Although Rose did not broker the partnership with Tivo, it’s her job to make sure it’s as transformational as the company hopes. She says that it brings the best of the web to the TV screen, in the form of apps, and offers a search service which is “smarter than Google”.
It is the smart recommendation tools which historically have set Tivo apart from its rivals, pointing users in the direction of programmes the service thinks a user will enjoy based on other Tivo audience members with similar tastes, or previous viewing habits. The Tivo box then downloads these shows, saving them on the hard drive and no distinction is made between content that has been recorded via TV or downloaded via broadband.
There will also be apps such as Spotify pre-loaded onto the service, too – so people can listen to their music, while browsing the TV menu.[...]
Rose thinks high definition will soon replace standard definition fully. Virgin, she’s keen to stress, offers it to customers for no additional charge.
More in the full interview. There's nothing particularly revelatory here (although I didn't know Spotify was in the mix), but it's an interesting read, probably timed to counter the recent Sky announcement regarding its long-promised Internet and On Demand services.

2 comments:

Erich said...

Much nicer.

Also, isn't it time for a new poll? You had one some time ago asking which HD channels people were most looking forward to.
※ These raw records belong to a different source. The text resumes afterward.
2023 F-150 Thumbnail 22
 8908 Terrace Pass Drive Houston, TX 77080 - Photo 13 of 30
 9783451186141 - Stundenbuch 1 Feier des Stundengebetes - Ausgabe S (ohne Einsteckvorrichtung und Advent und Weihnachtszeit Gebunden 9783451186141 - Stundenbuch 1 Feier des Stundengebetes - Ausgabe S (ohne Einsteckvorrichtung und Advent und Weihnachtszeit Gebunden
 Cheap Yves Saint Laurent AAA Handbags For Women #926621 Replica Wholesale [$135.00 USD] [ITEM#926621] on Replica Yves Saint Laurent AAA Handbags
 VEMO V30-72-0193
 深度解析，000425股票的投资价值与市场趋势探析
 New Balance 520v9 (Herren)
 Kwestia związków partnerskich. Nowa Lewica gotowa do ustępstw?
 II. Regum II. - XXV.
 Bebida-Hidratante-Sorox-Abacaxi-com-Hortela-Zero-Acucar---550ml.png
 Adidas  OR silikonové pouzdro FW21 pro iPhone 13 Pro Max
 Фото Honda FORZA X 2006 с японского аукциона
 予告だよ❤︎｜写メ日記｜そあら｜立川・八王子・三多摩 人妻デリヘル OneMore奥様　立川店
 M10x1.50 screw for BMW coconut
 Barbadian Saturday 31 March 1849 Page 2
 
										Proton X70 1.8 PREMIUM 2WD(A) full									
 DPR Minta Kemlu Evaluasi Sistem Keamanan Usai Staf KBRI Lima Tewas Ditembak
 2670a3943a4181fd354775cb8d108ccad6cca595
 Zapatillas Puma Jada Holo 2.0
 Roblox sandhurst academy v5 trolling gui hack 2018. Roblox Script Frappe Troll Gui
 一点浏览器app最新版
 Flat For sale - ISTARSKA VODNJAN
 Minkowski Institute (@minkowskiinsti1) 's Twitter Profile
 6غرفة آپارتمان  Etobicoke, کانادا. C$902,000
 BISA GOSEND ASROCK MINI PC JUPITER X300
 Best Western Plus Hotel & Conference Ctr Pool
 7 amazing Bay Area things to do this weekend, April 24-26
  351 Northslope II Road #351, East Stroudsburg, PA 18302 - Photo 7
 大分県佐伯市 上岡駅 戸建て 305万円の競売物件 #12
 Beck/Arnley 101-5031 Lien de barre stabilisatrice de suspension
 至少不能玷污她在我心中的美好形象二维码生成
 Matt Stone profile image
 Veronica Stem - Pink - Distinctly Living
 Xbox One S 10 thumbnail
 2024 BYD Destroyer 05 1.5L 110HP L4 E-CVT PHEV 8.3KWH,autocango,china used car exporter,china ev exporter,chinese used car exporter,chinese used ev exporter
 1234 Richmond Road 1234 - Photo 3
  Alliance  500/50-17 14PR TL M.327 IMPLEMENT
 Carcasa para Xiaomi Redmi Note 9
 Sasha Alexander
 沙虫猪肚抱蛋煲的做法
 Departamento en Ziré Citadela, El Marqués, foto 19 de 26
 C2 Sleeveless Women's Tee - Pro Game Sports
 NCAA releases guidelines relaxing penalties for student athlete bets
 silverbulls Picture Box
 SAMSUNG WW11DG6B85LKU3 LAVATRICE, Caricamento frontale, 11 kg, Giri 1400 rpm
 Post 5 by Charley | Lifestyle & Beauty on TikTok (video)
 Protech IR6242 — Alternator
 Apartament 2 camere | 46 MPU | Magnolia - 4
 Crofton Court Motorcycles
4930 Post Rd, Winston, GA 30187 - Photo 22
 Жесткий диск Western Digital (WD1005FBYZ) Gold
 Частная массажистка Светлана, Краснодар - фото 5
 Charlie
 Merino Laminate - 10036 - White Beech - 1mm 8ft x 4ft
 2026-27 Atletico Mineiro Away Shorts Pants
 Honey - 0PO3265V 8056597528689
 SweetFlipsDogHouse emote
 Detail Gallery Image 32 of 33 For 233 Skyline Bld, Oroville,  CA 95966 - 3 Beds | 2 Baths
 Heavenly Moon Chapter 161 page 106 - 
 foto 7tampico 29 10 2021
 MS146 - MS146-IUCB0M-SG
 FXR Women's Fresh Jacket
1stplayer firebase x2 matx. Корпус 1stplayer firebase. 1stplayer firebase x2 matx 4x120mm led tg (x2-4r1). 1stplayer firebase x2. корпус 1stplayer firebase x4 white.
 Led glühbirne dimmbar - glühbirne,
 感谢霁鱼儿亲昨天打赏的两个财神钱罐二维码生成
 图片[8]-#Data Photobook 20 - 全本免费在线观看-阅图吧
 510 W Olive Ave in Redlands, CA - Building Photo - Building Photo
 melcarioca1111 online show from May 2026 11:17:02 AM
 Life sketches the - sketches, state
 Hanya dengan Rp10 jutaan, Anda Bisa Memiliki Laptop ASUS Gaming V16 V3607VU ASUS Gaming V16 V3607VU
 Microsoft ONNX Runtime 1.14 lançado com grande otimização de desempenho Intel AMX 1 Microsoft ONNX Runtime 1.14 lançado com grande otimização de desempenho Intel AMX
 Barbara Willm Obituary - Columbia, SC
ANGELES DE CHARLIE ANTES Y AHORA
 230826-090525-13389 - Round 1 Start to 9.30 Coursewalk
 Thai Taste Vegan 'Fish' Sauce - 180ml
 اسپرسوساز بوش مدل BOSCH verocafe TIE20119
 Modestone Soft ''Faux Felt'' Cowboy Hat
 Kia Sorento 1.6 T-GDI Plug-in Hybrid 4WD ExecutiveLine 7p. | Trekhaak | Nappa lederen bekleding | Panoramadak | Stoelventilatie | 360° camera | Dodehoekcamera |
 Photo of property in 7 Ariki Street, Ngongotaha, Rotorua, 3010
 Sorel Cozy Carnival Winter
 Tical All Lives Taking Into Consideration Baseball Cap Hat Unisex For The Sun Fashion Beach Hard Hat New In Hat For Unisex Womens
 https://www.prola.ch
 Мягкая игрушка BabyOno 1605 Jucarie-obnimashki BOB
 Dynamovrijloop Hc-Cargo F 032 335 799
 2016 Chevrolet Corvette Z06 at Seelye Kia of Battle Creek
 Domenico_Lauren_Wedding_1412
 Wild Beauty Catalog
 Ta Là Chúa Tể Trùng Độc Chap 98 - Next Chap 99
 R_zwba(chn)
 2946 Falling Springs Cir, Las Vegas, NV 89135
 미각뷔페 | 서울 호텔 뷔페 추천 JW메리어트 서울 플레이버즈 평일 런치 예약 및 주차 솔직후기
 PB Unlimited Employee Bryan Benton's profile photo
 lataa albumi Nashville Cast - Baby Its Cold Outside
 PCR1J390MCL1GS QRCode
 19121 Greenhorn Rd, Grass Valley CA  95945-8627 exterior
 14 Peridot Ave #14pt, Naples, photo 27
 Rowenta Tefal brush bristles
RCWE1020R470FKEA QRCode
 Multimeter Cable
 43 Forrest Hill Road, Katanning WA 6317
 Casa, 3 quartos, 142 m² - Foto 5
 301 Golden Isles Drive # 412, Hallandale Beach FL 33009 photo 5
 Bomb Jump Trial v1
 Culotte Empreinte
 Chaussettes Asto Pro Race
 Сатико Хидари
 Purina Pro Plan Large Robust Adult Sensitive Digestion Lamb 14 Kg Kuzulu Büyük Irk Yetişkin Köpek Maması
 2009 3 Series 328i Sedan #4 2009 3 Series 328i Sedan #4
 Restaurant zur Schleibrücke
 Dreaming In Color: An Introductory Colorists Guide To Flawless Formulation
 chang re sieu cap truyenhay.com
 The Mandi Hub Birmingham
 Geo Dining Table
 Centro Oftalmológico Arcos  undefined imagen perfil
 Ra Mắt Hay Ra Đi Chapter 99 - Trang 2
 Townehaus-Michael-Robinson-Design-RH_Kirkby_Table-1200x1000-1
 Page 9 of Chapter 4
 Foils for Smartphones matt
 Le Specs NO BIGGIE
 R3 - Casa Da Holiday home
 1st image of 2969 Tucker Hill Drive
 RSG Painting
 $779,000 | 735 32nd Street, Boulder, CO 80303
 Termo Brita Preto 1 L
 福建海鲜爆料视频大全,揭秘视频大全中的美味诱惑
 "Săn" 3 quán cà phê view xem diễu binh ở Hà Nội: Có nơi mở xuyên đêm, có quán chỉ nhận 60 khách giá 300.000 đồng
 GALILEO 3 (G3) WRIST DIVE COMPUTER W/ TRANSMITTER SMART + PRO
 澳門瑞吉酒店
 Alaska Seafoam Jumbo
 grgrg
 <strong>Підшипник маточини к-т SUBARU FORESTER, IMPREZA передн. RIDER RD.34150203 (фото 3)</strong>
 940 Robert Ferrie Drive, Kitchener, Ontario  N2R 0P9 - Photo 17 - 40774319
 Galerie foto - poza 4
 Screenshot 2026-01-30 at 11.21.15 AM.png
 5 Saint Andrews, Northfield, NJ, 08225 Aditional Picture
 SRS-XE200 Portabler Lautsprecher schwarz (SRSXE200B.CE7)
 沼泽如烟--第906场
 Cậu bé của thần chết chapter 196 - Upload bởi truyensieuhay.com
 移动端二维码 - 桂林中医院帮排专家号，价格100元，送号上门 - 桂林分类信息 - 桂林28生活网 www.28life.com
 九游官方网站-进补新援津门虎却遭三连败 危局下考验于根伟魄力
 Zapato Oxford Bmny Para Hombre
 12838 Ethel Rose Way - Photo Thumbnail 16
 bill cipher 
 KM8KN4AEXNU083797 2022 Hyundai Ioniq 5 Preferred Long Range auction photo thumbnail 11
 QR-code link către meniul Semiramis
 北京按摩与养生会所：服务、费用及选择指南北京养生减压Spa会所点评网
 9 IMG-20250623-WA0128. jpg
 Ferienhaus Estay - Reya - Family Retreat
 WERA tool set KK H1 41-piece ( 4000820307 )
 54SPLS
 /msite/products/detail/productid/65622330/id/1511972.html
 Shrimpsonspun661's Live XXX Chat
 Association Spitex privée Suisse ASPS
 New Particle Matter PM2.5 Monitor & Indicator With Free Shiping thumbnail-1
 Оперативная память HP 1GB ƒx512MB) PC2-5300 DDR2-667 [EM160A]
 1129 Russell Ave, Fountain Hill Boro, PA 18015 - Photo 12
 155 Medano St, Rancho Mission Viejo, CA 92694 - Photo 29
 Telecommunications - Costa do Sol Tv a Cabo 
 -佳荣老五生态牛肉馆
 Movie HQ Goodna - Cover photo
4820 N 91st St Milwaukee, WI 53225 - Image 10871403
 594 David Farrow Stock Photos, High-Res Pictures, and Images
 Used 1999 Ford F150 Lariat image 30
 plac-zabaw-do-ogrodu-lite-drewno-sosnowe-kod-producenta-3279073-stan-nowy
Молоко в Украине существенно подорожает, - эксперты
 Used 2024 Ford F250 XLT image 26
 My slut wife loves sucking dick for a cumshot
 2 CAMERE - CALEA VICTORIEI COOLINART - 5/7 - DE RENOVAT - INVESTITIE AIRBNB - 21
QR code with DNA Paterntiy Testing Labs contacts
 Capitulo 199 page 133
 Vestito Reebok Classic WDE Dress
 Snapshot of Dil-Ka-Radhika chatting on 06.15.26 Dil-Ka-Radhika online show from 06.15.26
Before we get the next batch of Sky and other HD channels, it would be fun to see how the voting would break down, now that people have actually had some time to watch those first HD channels.

Richardr said...

The one concern I have is the more we seem to be told about the TIVO deal, the less it seems that we will be getting the full TIVO service, and instead, just certain "enhancements" to services that should really be there anyway, e.g recommendations, proper search across categories of VOD.